Colorado’s First Gentleman Marlon Reis is back on Facebook trying to stir up a fight with livestock owners with claims that relocated wolves are suffering because of their “fairy tale” concerns.

But didn’t Reis just shut down his social media page a couple of weeks ago after another dustup with ranchers, PeakNation™ is asking?

Yes, he did, allegedly to prevent it from becoming a “forum for misinformation” over a completely different wolf topic.

Yet it looks like his shutdown never actually missed a day, judging by the slew of canned posts that proliferate Reis’s page.

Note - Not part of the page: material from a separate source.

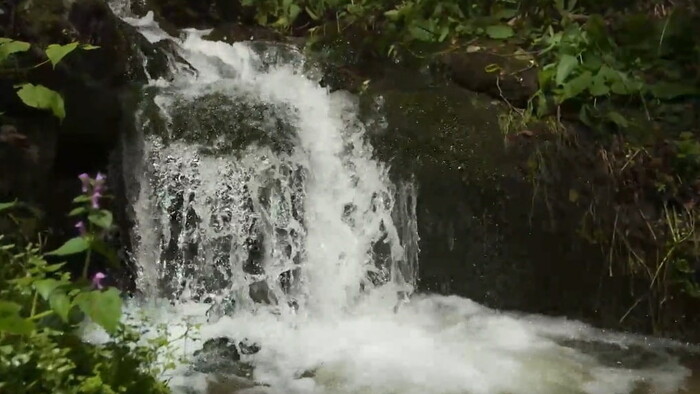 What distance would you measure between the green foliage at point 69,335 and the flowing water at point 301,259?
1.05m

This week’s hissy fit is over the capture and removal of the Copper Creek wolf pack that had developed a depredation history.

Reis is upset that Colorado Parks and Wildlife (CPW) employees didn’t act as PR agents for the wolves to protect the animal’s reputations and feels the apex predators were being unfairly criticized for (checks history) killing and eating livestock.

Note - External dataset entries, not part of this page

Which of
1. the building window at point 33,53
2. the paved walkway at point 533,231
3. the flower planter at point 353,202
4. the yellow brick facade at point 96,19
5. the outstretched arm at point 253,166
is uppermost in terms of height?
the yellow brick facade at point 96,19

Meanwhile, the male of the pack had severe injuries unrelated to the transfer, and has since died, CPW reports.

In his recent post, Reis said:

“I’m sure CPW had its reasons for not openly celebrating the reintroduction, but its media silence created an information vacuum in which extreme anti-wolf sentiment was permitted to dominate the airwaves.

“When you don’t tell your side of the story, you allow your detractors to tell theirs without any accountability to the truth. And that’s what happened.

“We have all suffered from a lack of balanced coverage.

“Negative spin was modest at the start, but in the weeks leading up to the capture and removal of the Copper Creek pack, headlines invoking the nonsensical fairy tale fears of Little Red Riding Hood were everywhere to be found, and there was nothing positive to fall back on.

“Had CPW celebrated the past nine months rather than remain silent, milestone successes could have been channeled into a shield to defend the Copper Creek pack and the program as a whole. The wolves needed that protection against those who are now celebrating and taking credit for the dissolution of the Copper Creek pack.”

 

Moving forward, Reis made it known to the government employees who answer to his partner, Gov. Polis, they must do “everything possible to ensure animals don’t suffer because of people who still believe in fairy tales.”

It’s unclear if Reis was referring to any specific Disney fairy tale in which deadly creatures coexist in harmony with their food and with humans. And talk to us, in English.

Last time we checked, the food chain is not a fairy tale.